Provided data below:

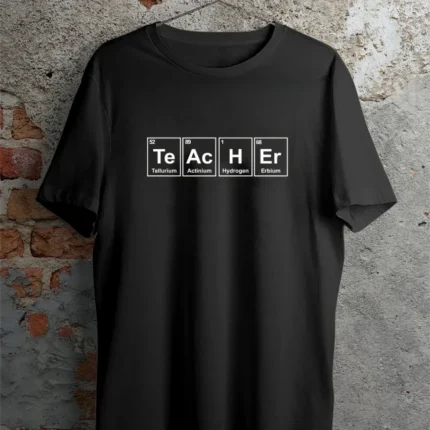 Kasım Öğretmenler Günü Baskılı Özel Tshirt Siyah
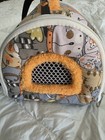 Portable Small Animals Hamster Carrier Bag Outdoor Travel Guinea Pig - Cat Print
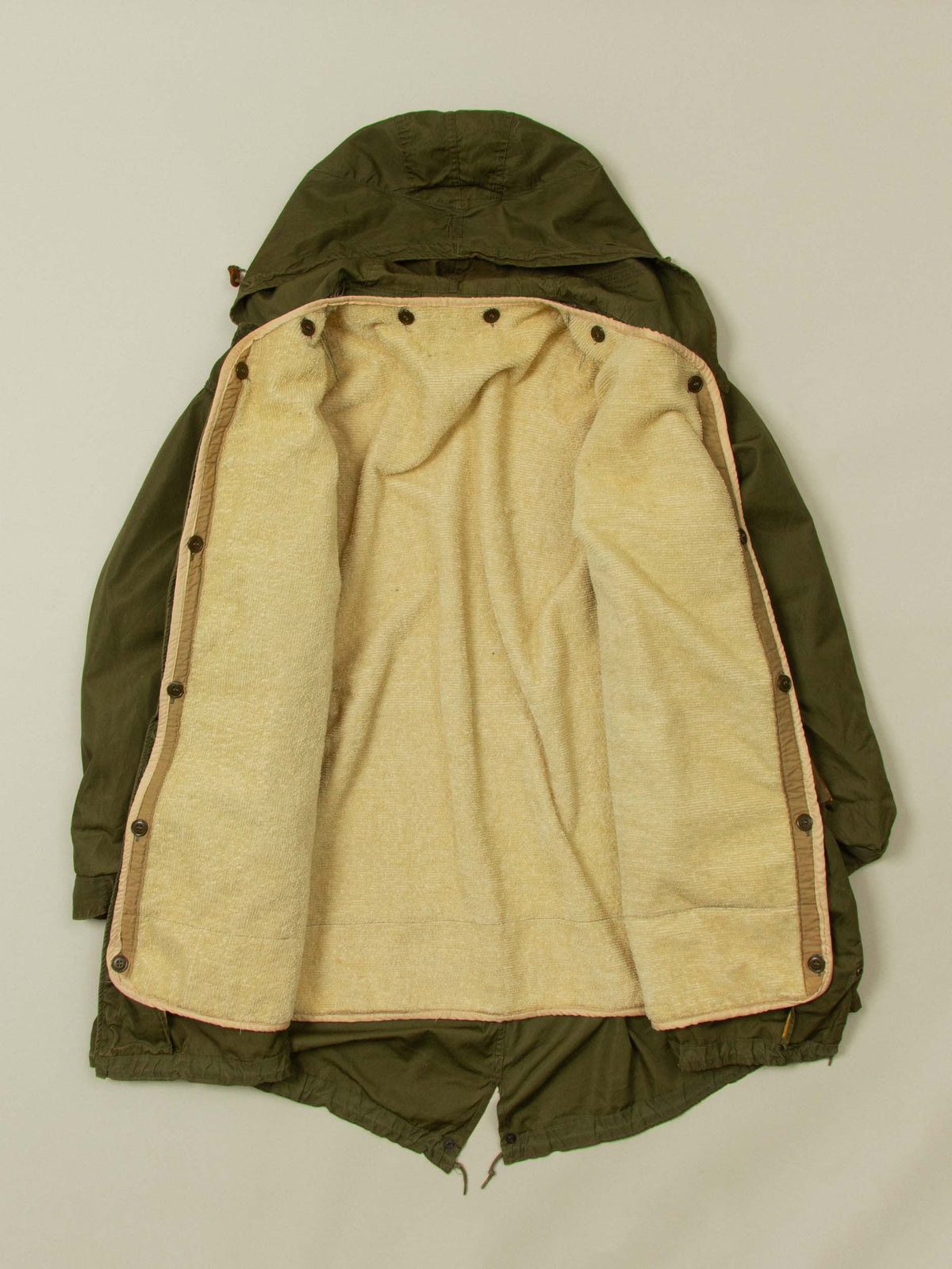 Vtg 1952 US Army M-51 Fishtail Parka w/ Liner (XL)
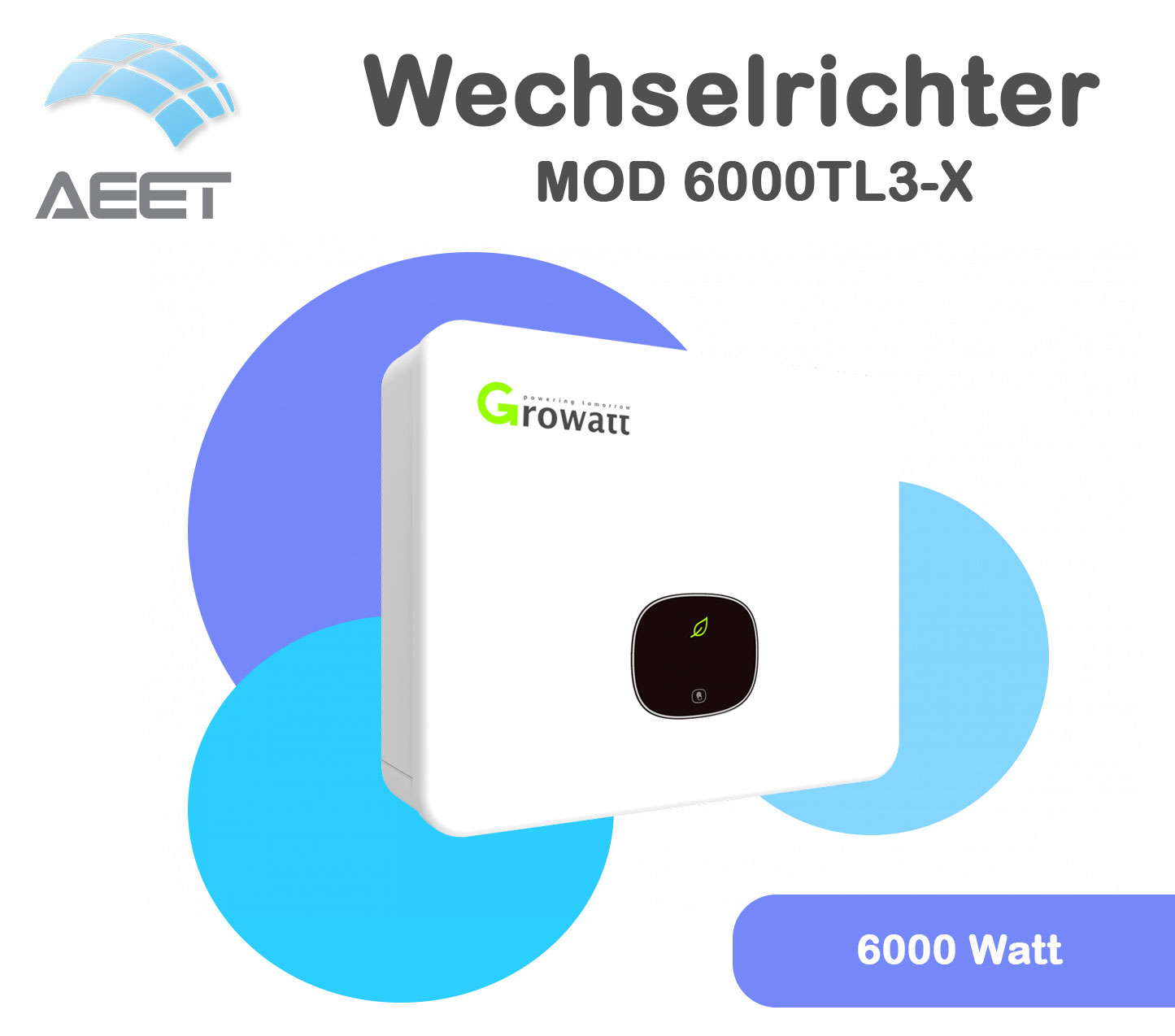 Wechselrichter Growatt MOD 6000TL3-X | 6KTL3-X mit AFCI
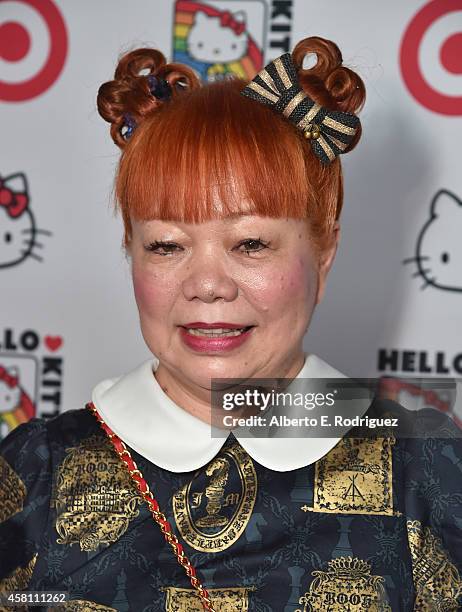 Hello Kitty designer Yuko Yamaguchi arrives to Hello Kitty Con 2014 Opening Night Party Co-hosted by Target on October 29, 2014 in Los Angeles,...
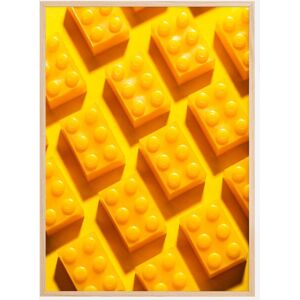 Bildverkstad Yellow Lego Plakat (50x70 Cm)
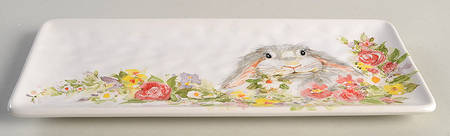 Sweet Bunny Rectangular Tray 11"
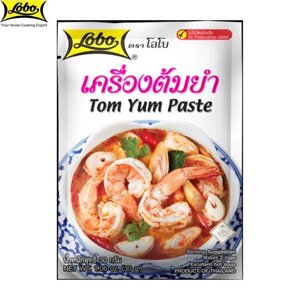 Lobo Паста Том Ям, без добавления консервантов и красителей / на 2 порции, Тайская еда, 30 г Под заказ из Таиланда за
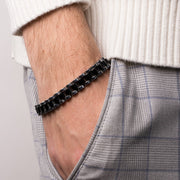 Bracciale in Acciaio maglia jubilee bianco/nero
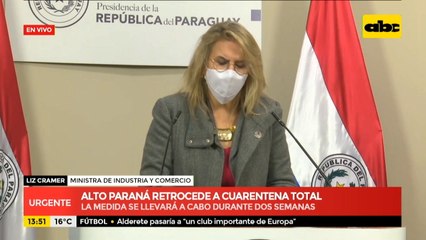 Varios sectores deberán cerrar tras retroceso de fase en Alto Paraná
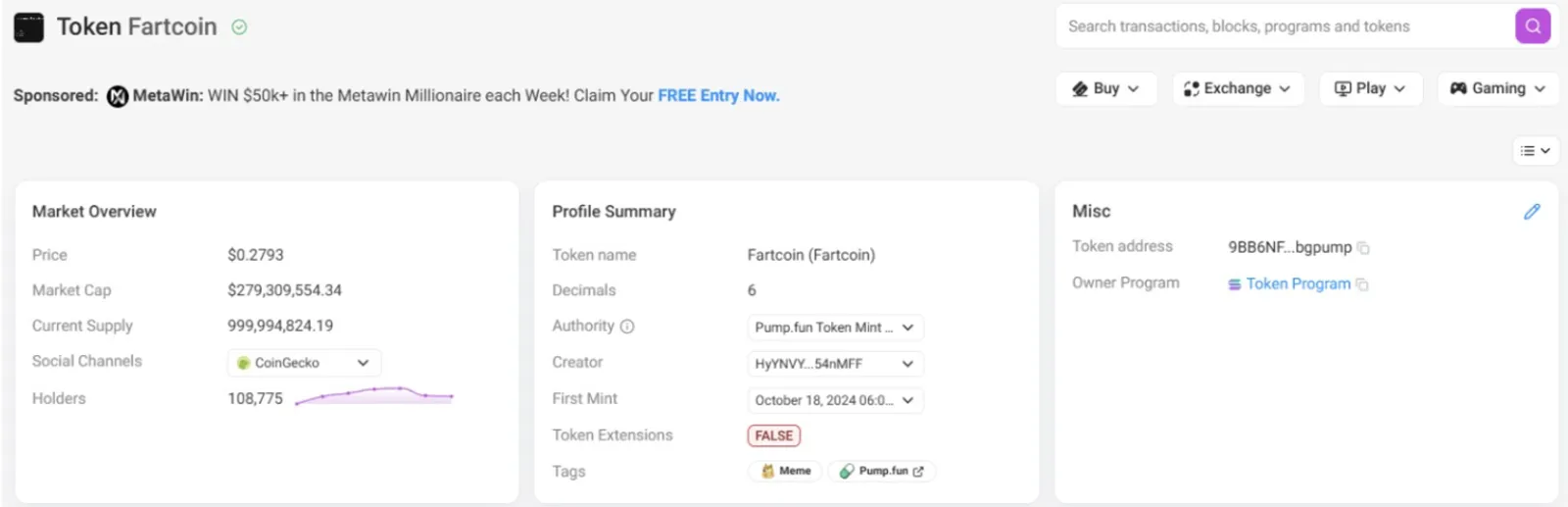FARTCOIN: Memecoin yang Lagi Hits di CoinEx - image 3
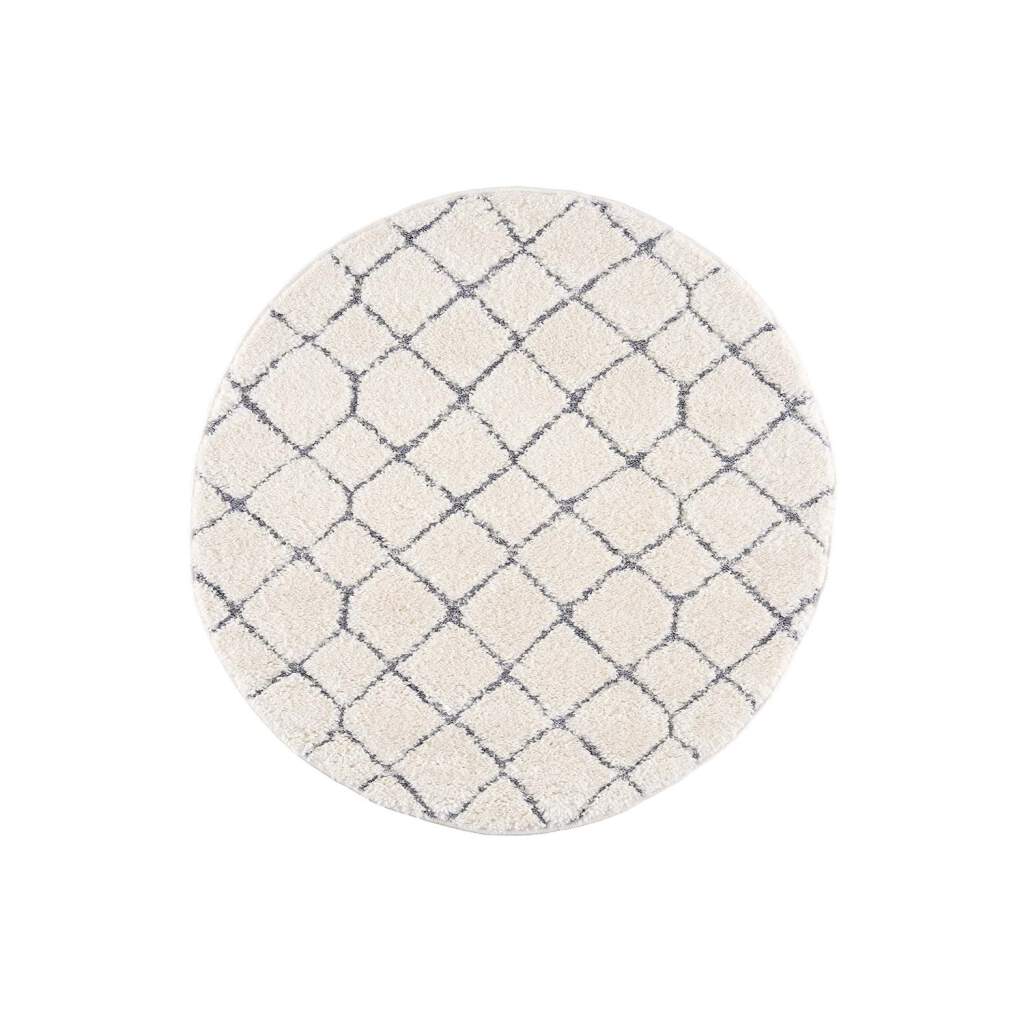 Hochflor Teppich Focus 4499 Creme – Rund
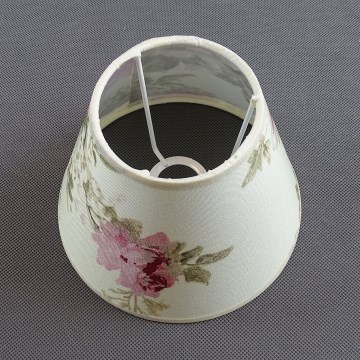 Abat-jour de rechange pour lampe de table ROSA crème/rose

End of Provided data.

◆ How to complete this task ◆
Above are the records; print them all exactly and keep the pictures out.

◆ Task answer ◆
 Kasım Öğretmenler Günü Baskılı Özel Tshirt Siyah
 Portable Small Animals Hamster Carrier Bag Outdoor Travel Guinea Pig - Cat Print
 Vtg 1952 US Army M-51 Fishtail Parka w/ Liner (XL)
 Wechselrichter Growatt MOD 6000TL3-X | 6KTL3-X mit AFCI
 Hello Kitty designer Yuko Yamaguchi arrives to Hello Kitty Con 2014 Opening Night Party Co-hosted by Target on October 29, 2014 in Los Angeles,...
 Bildverkstad Yellow Lego Plakat (50x70 Cm)
 Sweet Bunny Rectangular Tray 11"
 Lobo Паста Том Ям, без добавления консервантов и красителей / на 2 порции, Тайская еда, 30 г Под заказ из Таиланда за
 Bracciale in Acciaio maglia jubilee bianco/nero
 Varios sectores deberán cerrar tras retroceso de fase en Alto Paraná
FARTCOIN: Memecoin yang Lagi Hits di CoinEx - image 3
 Hochflor Teppich Focus 4499 Creme – Rund
 Abat-jour de rechange pour lampe de table ROSA crème/rose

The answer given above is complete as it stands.